Article 61 of the Liberian Constitution as herein stated, presents two fascinating and computing questions:
- Whether Article 61 of the Liberian Constitution grants the sitting or former President of Liberia absolute immunity and protection for crimes he/she committed while in office?
- Whether the President of Liberia can only be prosecuted if he/she is impeached by the House of Representatives and convicted by the Senate?
To properly construct and apply Article 61 of the 1986 Constitution of Liberia, Liberian scholars and attorneys, and the Courts of Liberia particularly the Honorable Supreme Court of Liberia are duty bound and obligated to ascertain and determine the original intent and meaning of the drafting and supervisory committees of the 1986 Constitution of Liberia. The neglect and failure to revisit, review and legally determine what the drafters of our Constitution meant when they drafted Article 61, sadly undercuts, and certainly amounts to judicial neglect which in and of itself, violates the authority of the courts of Liberia—this, includes the statutory and constitutional powers invested in the Courts of Liberia.
So, does Article 61 of the Constitution of Liberia grant absolute immunity to a sitting and former President of the Republic from prosecution or from judicial review for civil and criminal offenses that he/she committed while in office and serving the State as President?
Liberia’s Constitution and Statutory Laws grant no such power and authority to the President and the former President of Liberia. No Liberian is above the laws of Liberia, whether an ordinary citizen, former or elected President of Liberia. The purpose and intent of Article 61 of is to: 1) ensure that the President of Liberia whether sitting or former President will always uphold and act consistent with the laws of Liberia. 2) Though the executive power of Liberia is vested in the President, he/she must take care that the laws of Liberia are faithfully executed. When the sitting or former President acts outside of the laws of Liberia by commission of a civil or criminal offense, whether sitting or former President, his/her acts are not immune, and he/she enjoys no protection from arrest and prosecution by our courts.

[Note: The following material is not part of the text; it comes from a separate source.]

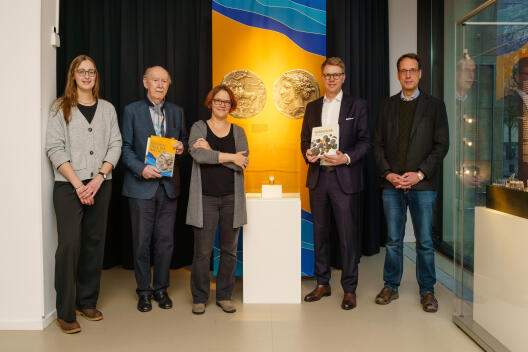 Trixi Steil (studentische Mitherausgeberin), Dr. Claus Dapper (Schatzmeister des Fördervereins Kerykeion), Dr. Katharina Martin (Münzkuratorin des Archäologischen Museums), Dr. Robert Zeidler (Sparkasse Münsterland Ost) und Prof. Dr. Achim Lichtenberger (Direktor des Archäologischen Museums) (v.l.n.r.)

Being the President of Liberia, his/her acts and actions are legally the acts and actions of the States. Since the purpose and intent of the establishment of the State borders on law and order and to always protect its citizens and residents, whether sitting or former President, he/she has no legal authority outside of the Liberia’s Constitution and the Statutory Laws of Liberia to act criminally and unlawfully. That goes to say that consistent with the doctrine of constitutional construction, interpretation, and application, when an elected president acts pursuant to the expressed or implied power delegated and assigned to him/her by his country, his/her actions, whether sitting or former President, are immune and protected at their maximum under the Constitution and statutory laws of his/her country.
Under Article 61 of the Constitution of Liberia, the sitting or former President of Liberia, enjoys no immunity and his/her actions are fixed subject for judicial review after he/she departs office—whether voted out of office, by impeachment by the House and conviction by the Senate, or by retirement.
Thus, is it our opinion that the Case: Charles Gudy Bryant, et at, Petitioner vs The Republic of Liberia, Respondent, Petition for Prohibition, be re-visited and recalled due to inadvertent and material errors committed that could create the impression that the actions of Liberia’s sitting, and former President are immune and protected from administrative or judicial review by the Courts of Liberia.
Frederick A.B. Jayweh, Esq., Counselor-At-Law, B.A, LL. B, LL.M
International Affairs Africa Center for Law and Human Rights, Inc.